Each index sort could happen in in parallel so that's above and beyond
--parallel to sort(1) which make each sort parallel.
That can also saturate the machine!
As Rob says, the memory and disk contention can kill performance - two
streams of writes in parallel can be slower than one stream followed by
the other.
This is a strong effect when it is to the same rotating disk but seems
to be true as well for SSD to a lesser extent. I guess the bottleneck
is contention for the system bus access and it is optimized for the
common "no contention" case.
A high end server may have multiple independent disk paths to eliminate
this.
It needs quite a lot of data before tdbloader2 overtakes the plain
tdbloader. That point is sensitive to the hardware.
Andy
On 28/10/16 15:24, Rob Vesse wrote:
If memory serves those are the phases that use POSIX sort right?

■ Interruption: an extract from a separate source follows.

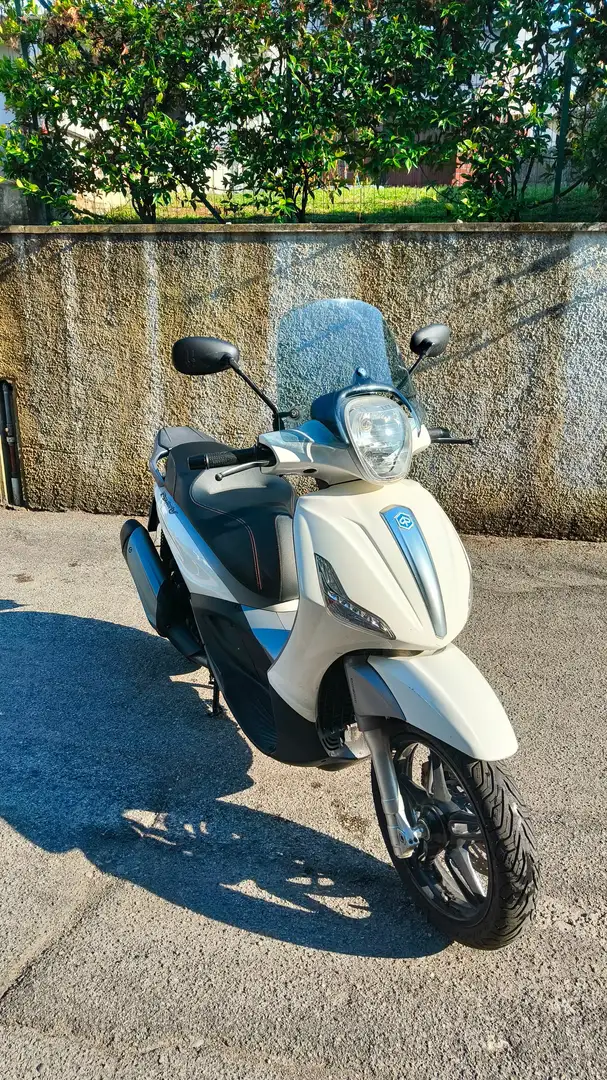 Piaggio Beverly 350 Beverley Sport Touring ABS-ASR Bianco - 2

Sort will try and do an in-memory sort as far as possible and fall back to a
disk-based merge sort if not. Also we usually configure sort to run in parallel
If you try to process different indexing in parallel you would create a lot of
memory and disk contention which would likely slowdown overall performance
For sufficiently large data sets there is also a risk of exhausting disk space
during the sort phase and building multiple indexes in parallel would only
exacerbate this
Rob
On 28/10/2016 14:33, "A. Soroka" <[email protected]> wrote:
I'm still learning about tdbloader2 and have another question about the
index phase: is there any reason why the processes for the various index
orderings (SPO, GSPO, etc.) couldn't go on in parallel? Or am I missing some
switch or setting that already allows that?
---
A. Soroka
The University of Virginia Library